SECONDARY OBJECTIVES:
I. To prospectively assess estrogen deprivation symptoms in pre-menopausal BLS patients as measured by the Functional Assessment of Cancer Therapy - Endocrine Symptom (FACT-ES) subscale compared to pre-menopausal patients in the BSO arm.
II. To determine if health-related quality of life (QOL) (FACT) is negatively impacted by menopausal symptoms (menopausal symptom checklist-Menopausal Symptom Checklist [MSCL]) and sexual dysfunction (Female Sexual Function Index [FSFI]) in pre-menopausal patients who have undergone BLS, in comparison to normative data (MSCL/FACT-ES) and data from pre-menopausal BSO patients.
III. To determine if health-related QOL (FACT) is negatively impacted by cancer distress (Impact of Event Scale [IES]) in individuals who have undergone BLS, in comparison to BSO patients.
IV. To assess medical decision making, as measured by the Shared Decision Making Questionnaire (SDM-Q-9) and Decision Regret Scale (DRS), and determine factors associated with the risk of reducing surgical treatment choice.
V. To assess adverse events, graded using Common Terminology Criteria for Adverse Events (CTCAE) version (v)5.0.

EXPLORATORY OBJECTIVES:
I. Sexual dysfunction, as measured by selected Patient-Reported Outcomes Measurement Information System (PROMIS) screener and external sexual function items (pre-menopausal patients).
II. To estimate the cost-effectiveness of BLS compared to BSO for ovarian cancer risk reduction.
III. To assess medical decision making, as measured by the Risk-Reducing Medical Decision Making (RR-MDM) survey, a targeted set of questions on risk reducing surgical treatment choice.
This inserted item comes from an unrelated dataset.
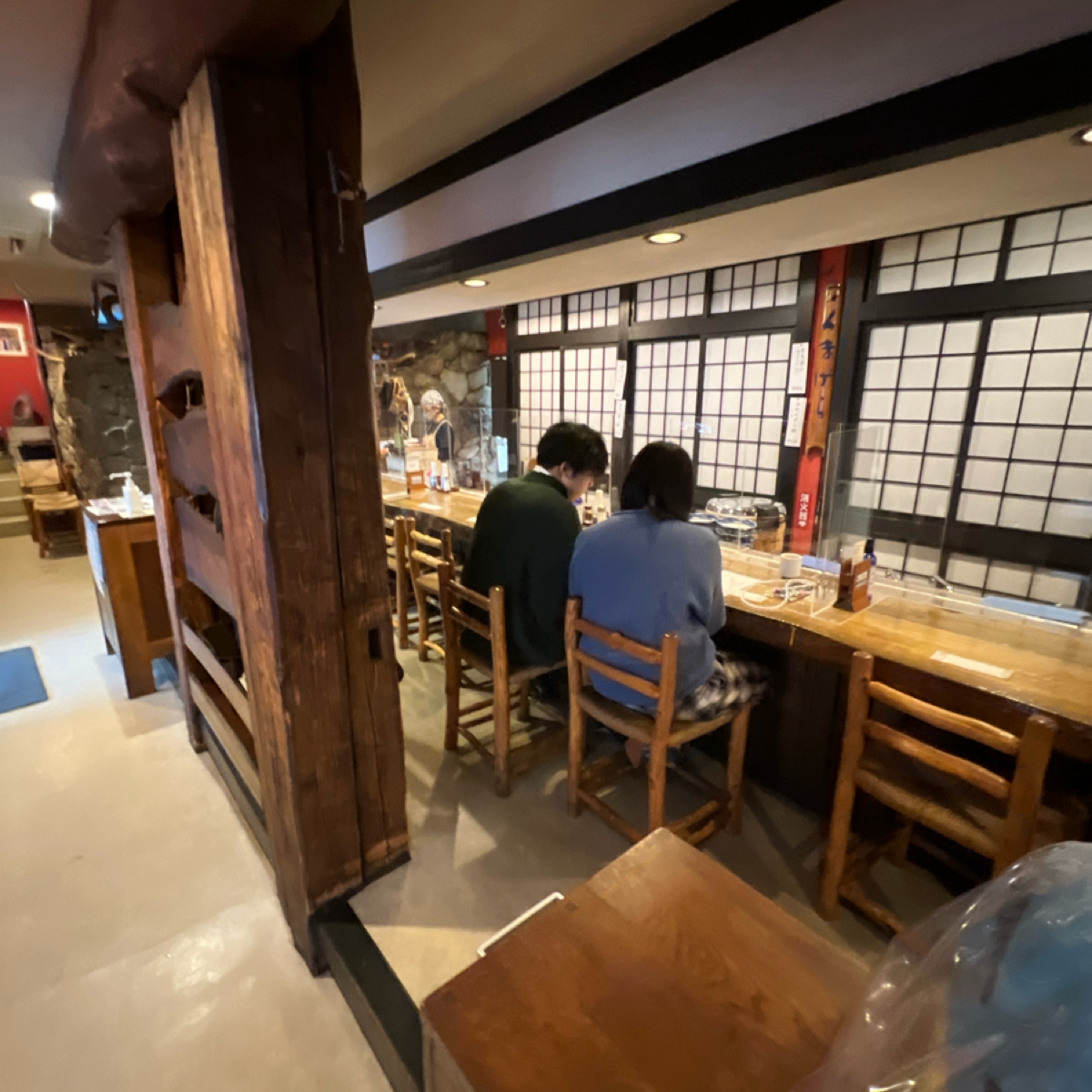 Oshokuji to Goenkai no Mise Kumagera の雰囲気の写真：吧台 by動吃動吃動吃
TRANSLATIONAL RESEARCH OBJECTIVE:
I. To bank tissue and blood biospecimens for future research.

OUTLINE: Patients choose between 1 of 2 groups.

GROUP I: Patients undergo bilateral salpingectomy. Patients may then undergo oophorectomy after initial surgery.
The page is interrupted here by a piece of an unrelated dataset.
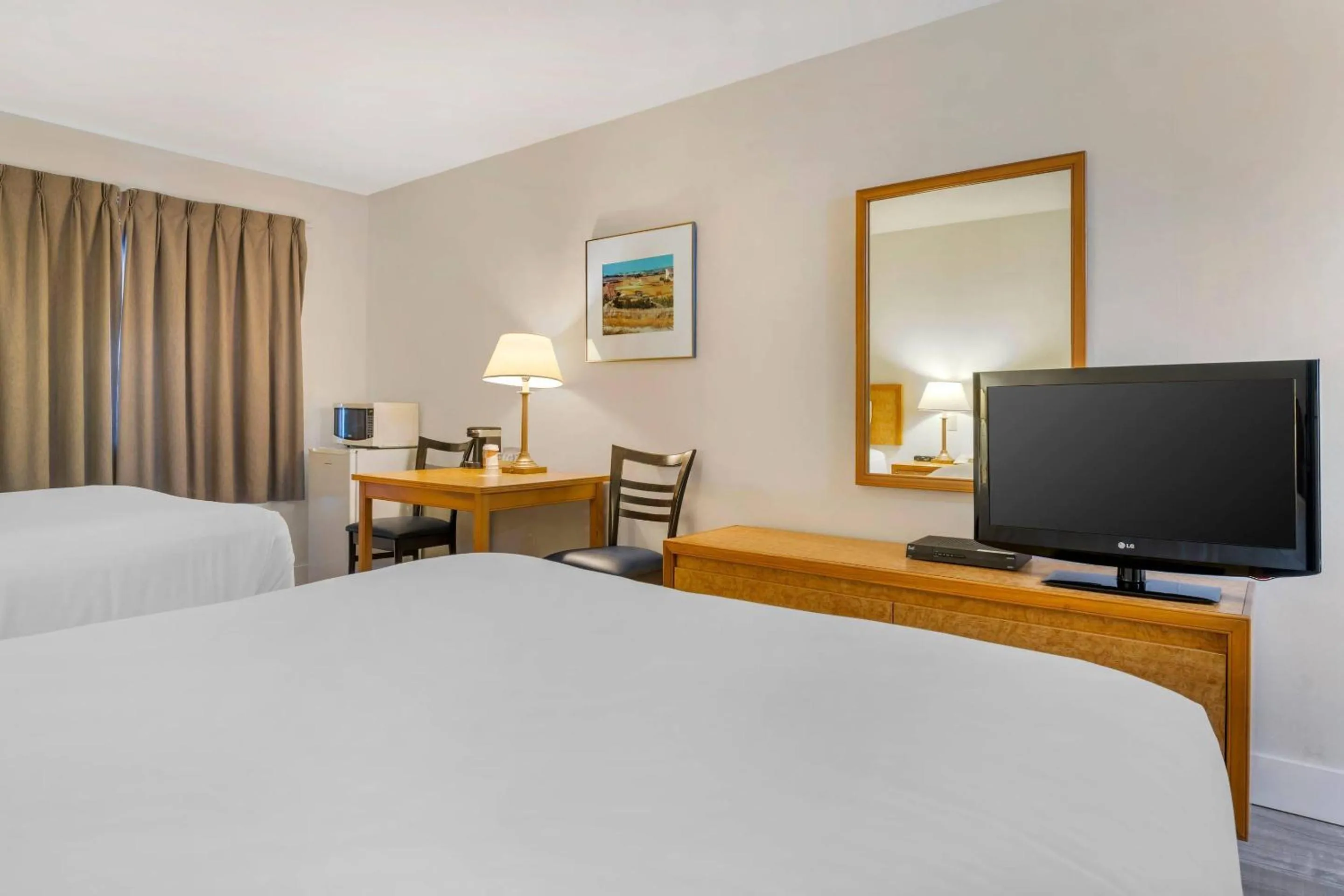 Bedroom, Bed in Rodeway Inn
GROUP II: Patients undergo bilateral salpingo-oophorectomy.

Patients in both groups also undergo a pelvic or transvaginal ultrasound during screening and blood sample collection throughout the trial.

After completion of study, patients are followed up at 10-60 days, 6, 12, and 24 months, and then annually for up to 20 years.